Available records
-------

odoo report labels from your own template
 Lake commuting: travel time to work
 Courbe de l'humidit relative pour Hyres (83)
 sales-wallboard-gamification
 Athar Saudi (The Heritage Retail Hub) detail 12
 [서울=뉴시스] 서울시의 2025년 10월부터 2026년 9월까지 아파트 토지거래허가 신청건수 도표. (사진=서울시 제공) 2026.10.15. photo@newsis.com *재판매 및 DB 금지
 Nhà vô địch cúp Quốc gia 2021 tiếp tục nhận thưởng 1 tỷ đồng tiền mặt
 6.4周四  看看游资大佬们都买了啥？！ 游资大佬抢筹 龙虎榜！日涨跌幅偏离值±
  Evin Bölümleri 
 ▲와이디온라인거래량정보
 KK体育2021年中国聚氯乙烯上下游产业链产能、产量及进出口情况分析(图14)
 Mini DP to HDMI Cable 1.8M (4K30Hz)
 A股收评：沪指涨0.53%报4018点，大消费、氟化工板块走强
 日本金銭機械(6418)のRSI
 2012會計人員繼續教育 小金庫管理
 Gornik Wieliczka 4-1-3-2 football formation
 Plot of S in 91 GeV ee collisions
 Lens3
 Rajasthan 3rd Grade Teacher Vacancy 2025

-------

Required work
Retype exactly, please, only the lines of the entries that run from the one containing "日本金銭機械(6418)のRSI" to the last.

Task output
 日本金銭機械(6418)のRSI
 2012會計人員繼續教育 小金庫管理
 Gornik Wieliczka 4-1-3-2 football formation
 Plot of S in 91 GeV ee collisions
 Lens3
 Rajasthan 3rd Grade Teacher Vacancy 2025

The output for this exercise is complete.